[Short descriptive text snippets]
^^^^^^^^

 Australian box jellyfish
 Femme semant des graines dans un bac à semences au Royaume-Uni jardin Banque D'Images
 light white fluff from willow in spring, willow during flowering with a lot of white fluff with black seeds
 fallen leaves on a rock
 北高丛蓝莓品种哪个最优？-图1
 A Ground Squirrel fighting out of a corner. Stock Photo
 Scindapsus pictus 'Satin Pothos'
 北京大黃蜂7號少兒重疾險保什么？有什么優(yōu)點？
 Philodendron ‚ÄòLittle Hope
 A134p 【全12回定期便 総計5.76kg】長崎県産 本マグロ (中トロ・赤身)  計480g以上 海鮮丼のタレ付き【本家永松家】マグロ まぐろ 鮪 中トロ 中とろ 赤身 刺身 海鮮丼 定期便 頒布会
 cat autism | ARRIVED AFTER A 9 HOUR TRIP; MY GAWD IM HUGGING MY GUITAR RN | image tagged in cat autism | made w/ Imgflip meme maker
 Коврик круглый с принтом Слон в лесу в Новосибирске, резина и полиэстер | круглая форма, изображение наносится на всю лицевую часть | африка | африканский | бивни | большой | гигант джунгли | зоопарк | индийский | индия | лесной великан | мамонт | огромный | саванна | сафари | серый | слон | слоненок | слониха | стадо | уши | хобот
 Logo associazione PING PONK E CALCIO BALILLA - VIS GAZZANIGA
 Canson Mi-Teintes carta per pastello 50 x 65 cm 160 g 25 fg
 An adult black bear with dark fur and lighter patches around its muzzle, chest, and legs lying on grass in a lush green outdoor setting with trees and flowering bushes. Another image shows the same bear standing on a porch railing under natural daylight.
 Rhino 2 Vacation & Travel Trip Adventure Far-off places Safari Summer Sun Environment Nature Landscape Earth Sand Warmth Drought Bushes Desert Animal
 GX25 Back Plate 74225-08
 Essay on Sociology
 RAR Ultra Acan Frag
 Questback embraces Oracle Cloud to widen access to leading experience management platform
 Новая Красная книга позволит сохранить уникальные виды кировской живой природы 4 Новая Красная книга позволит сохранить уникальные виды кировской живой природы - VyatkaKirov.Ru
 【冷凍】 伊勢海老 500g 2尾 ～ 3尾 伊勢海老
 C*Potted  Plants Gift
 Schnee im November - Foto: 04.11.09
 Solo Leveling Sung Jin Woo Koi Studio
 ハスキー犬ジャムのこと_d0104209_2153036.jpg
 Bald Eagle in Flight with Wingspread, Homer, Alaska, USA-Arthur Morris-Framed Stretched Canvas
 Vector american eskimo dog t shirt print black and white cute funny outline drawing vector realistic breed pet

^^^^^^^^

Your task is to give the records above again, exactly.

• [TASK SOLUTION]
 Australian box jellyfish
 Femme semant des graines dans un bac à semences au Royaume-Uni jardin Banque D'Images
 light white fluff from willow in spring, willow during flowering with a lot of white fluff with black seeds
 fallen leaves on a rock
 北高丛蓝莓品种哪个最优？-图1
 A Ground Squirrel fighting out of a corner. Stock Photo
 Scindapsus pictus 'Satin Pothos'
 北京大黃蜂7號少兒重疾險保什么？有什么優(yōu)點？
 Philodendron ‚ÄòLittle Hope
 A134p 【全12回定期便 総計5.76kg】長崎県産 本マグロ (中トロ・赤身)  計480g以上 海鮮丼のタレ付き【本家永松家】マグロ まぐろ 鮪 中トロ 中とろ 赤身 刺身 海鮮丼 定期便 頒布会
 cat autism | ARRIVED AFTER A 9 HOUR TRIP; MY GAWD IM HUGGING MY GUITAR RN | image tagged in cat autism | made w/ Imgflip meme maker
 Коврик круглый с принтом Слон в лесу в Новосибирске, резина и полиэстер | круглая форма, изображение наносится на всю лицевую часть | африка | африканский | бивни | большой | гигант джунгли | зоопарк | индийский | индия | лесной великан | мамонт | огромный | саванна | сафари | серый | слон | слоненок | слониха | стадо | уши | хобот
 Logo associazione PING PONK E CALCIO BALILLA - VIS GAZZANIGA
 Canson Mi-Teintes carta per pastello 50 x 65 cm 160 g 25 fg
 An adult black bear with dark fur and lighter patches around its muzzle, chest, and legs lying on grass in a lush green outdoor setting with trees and flowering bushes. Another image shows the same bear standing on a porch railing under natural daylight.
 Rhino 2 Vacation & Travel Trip Adventure Far-off places Safari Summer Sun Environment Nature Landscape Earth Sand Warmth Drought Bushes Desert Animal
 GX25 Back Plate 74225-08
 Essay on Sociology
 RAR Ultra Acan Frag
 Questback embraces Oracle Cloud to widen access to leading experience management platform
 Новая Красная книга позволит сохранить уникальные виды кировской живой природы 4 Новая Красная книга позволит сохранить уникальные виды кировской живой природы - VyatkaKirov.Ru
 【冷凍】 伊勢海老 500g 2尾 ～ 3尾 伊勢海老
 C*Potted  Plants Gift
 Schnee im November - Foto: 04.11.09
 Solo Leveling Sung Jin Woo Koi Studio
 ハスキー犬ジャムのこと_d0104209_2153036.jpg
 Bald Eagle in Flight with Wingspread, Homer, Alaska, USA-Arthur Morris-Framed Stretched Canvas
 Vector american eskimo dog t shirt print black and white cute funny outline drawing vector realistic breed pet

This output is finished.